::: Extracted entries
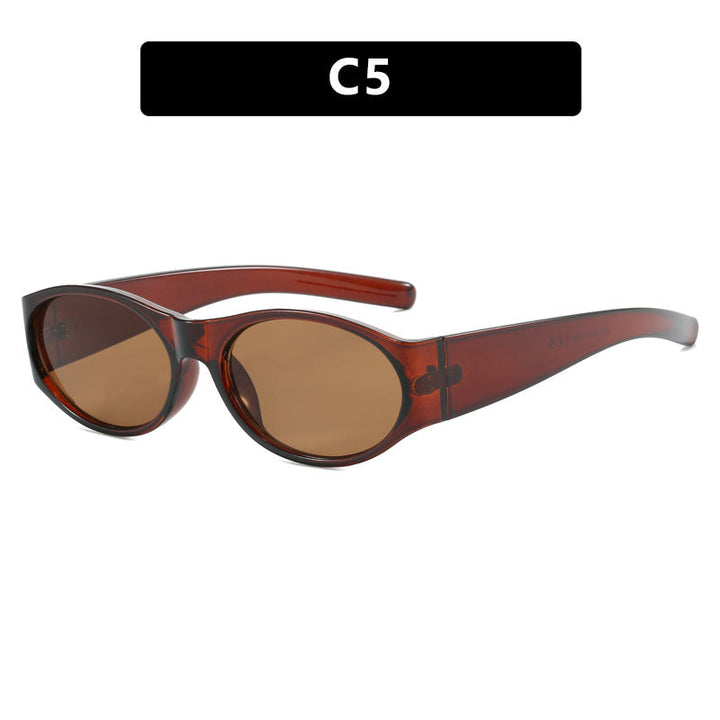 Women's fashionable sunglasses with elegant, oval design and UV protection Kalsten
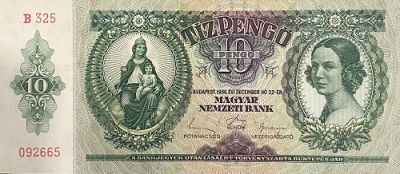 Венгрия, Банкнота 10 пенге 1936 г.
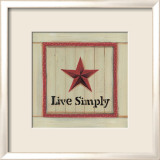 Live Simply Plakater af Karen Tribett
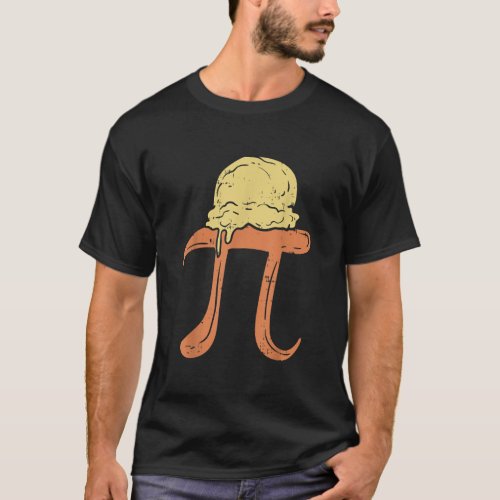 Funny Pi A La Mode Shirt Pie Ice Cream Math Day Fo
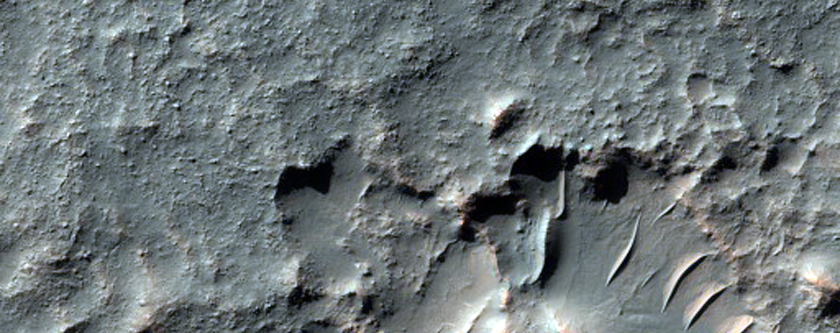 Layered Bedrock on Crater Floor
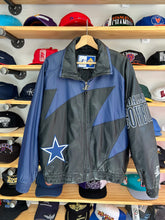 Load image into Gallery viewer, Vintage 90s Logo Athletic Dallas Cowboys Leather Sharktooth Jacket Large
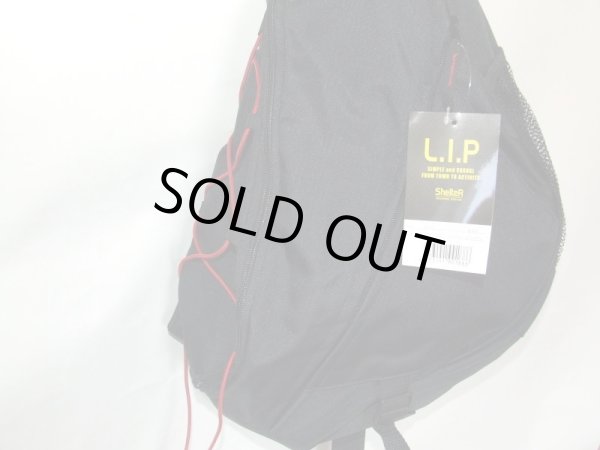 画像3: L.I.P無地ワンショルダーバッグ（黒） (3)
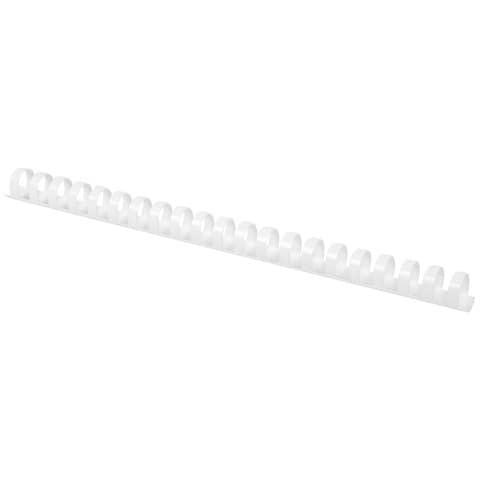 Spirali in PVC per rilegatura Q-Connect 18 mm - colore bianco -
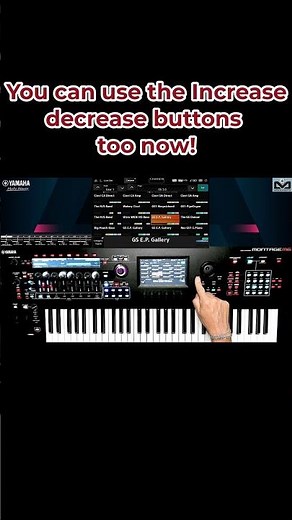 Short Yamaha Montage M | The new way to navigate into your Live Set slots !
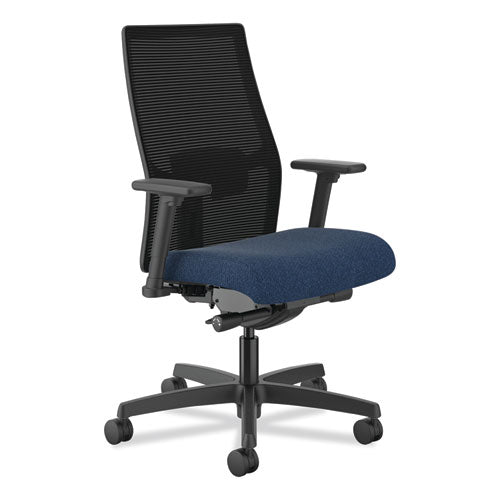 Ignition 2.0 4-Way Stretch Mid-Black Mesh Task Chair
::::::
Produce an exact copy of every line above, with the images left out.

 Women's fashionable sunglasses with elegant, oval design and UV protection Kalsten
 Венгрия, Банкнота 10 пенге 1936 г.
 Live Simply Plakater af Karen Tribett
 Funny Pi A La Mode Shirt Pie Ice Cream Math Day Fo
 Layered Bedrock on Crater Floor
 Load image into Gallery viewer, Vintage 90s Logo Athletic Dallas Cowboys Leather Sharktooth Jacket Large
 画像3: L.I.P無地ワンショルダーバッグ（黒） (3)
 Spirali in PVC per rilegatura Q-Connect 18 mm - colore bianco -
 Short Yamaha Montage M | The new way to navigate into your Live Set slots !
 Ignition 2.0 4-Way Stretch Mid-Black Mesh Task Chair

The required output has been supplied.